O que mostra, mais uma vez, de que a discussão de quem tem um futebol mais bonito e eficiente está em aberto, mas em termos de civilidade o Brasil ainda tem muito o que aprender com o irmão do Sul. Por aqui, a Advocacia Geral da União defende a união estável de casais homossexuais. Em nome da Presidência da República, a AGU argumenta que as relações homossexuais existem independentemente de amparo legal, embora países já tenham mudado sua legislação para incluir essa possibilidade. O parecer tratando do tema veio para apoiar a Procuradoria Geral da República, que pediu para o Supremo declarar inconstitucional o artigo do Código Civil que considera a união possível apenas entre homens e mulheres.
Na Argentina, para possibilitar o matrimônio, houve uma alteração na legislação trocando “homem e mulher” para “cônjuges”. Há propostas tramitando no Congresso Nacional brasileiro para permitir a união civil entre pessoas do mesmo sexo, mas distantes de serem aprovadas. E a questão do matrimônio, então, é lenda. Afinal de contas, isso é pecado…
Apesar da influência de grupos religiosos contrários à mudança, mais cedo ou mais tarde, a lei será alterada no Brasil também, garantindo dignidade e combatendo o preconceito. Já está indo aos poucos: é um homem que consegue estender o plano de saúde para o seu companheiro, é uma mulher que consegue a pensão de sua companheira. O problema é que essa marcha está sendo bem lenta quando, em verdade, deveria correr rápida para dar tempo às pessoas que hoje vivem de desfrutarem uma nova realidade.

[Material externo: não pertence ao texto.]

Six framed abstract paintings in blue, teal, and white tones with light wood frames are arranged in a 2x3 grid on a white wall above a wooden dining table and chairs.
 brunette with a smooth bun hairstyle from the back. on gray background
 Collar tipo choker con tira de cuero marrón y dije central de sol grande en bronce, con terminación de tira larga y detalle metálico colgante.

É um absurdo que a essa altura da história nossa sociedade ainda esteja discutindo se deve ou não universalizar direitos. Que, de tempos em tempos, gays e lésbicas sejam espancados e assassinados nas ruas só porque ousaram ser diferentes da maioria. Que seguidores de uma pretensa verdade divina taxem o comportamento alheio de pecado e condenem os diferentes a uma vida de inferno aqui na Terra.

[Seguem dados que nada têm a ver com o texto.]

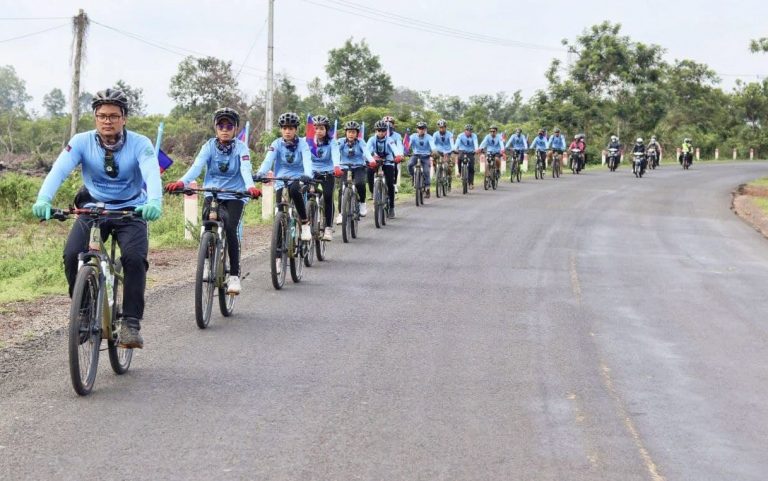 A group of environmental activists take part in a 600 km cycling event in O’Por village, Romney commune, Rovieng district, Preah Vihear province on May 11, 2022. Photo: World Environment Day Festival - Cambodia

Consciência não se aprende na escola, nem é reserva moral passada de pai para filho nas famílias. Mas sim na vivência comum na sociedade, na tentativa do conhecimento do outro, na busca por tolerar as diferenças. O Congresso Nacional, que hoje está sentado em cima de propostas de mudança, é fruto do tecido social em que está inserido – e sim, a esbórnia que ganha as páginas policiais, digo, de política, é um reflexo de nós mesmos. Na prática, uma (não) decisão legislativa tem em seu âmago o mesmo preconceito das piadas maldosas contra gays ou dos pequenos machismos em que nós (e não me excluo disso) nos afundamos no dia-a-dia. O que difere é o tamanho do impacto, não sua natureza.

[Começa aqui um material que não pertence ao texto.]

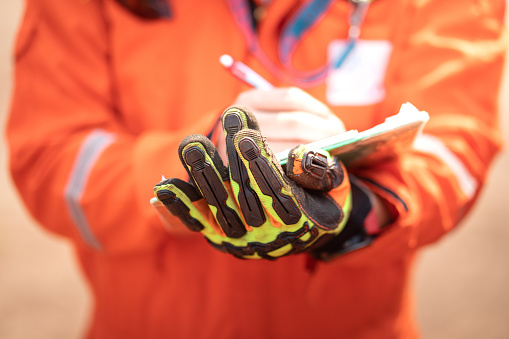 Close-up action of safety supervisor's hand which is weared an impact glove is holding a clipboard, and use the another hand writing something on paper during safety audit. Selective focus at glove.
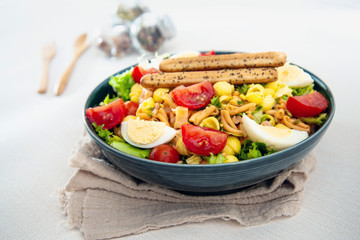 Salad made with cooked pasta, mixed green salads, cherry tomatoes, Mozzarella cheese and smoked ham served with accompaniment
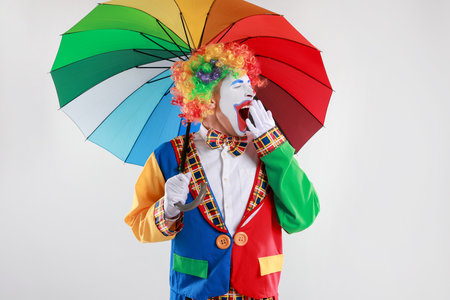 Clown with colorful umbrella yawning on light backgroundの写真素材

Coloquemos a culpa no processo de formação do Brasil, na herança do patriarcalismo português, nas imposições religiosas, no Jardim do Éden e por aí vai. É mais fácil atestar que somos frutos de algo, determinados pelo passado, do que tentar romper com uma inércia que mantém cidadãos de primeira classe (homens, ricos, brancos, heterossexuais) e segunda classe (mulheres, pobres, negras e índias, homossexuais etc.). Tem sido uma luta inglória, mas necessária. Que inclui uma profunda reflexão sobre nossos próprios comportamentos. No final, será uma escolha entre a barbárie da intolerância e a civilização.
*Jornalista e doutor em Ciência Política. É coordenador da ONG Repórter Brasil e seu representante na Comissão Nacional para a Erradicação do Trabalho Escravo.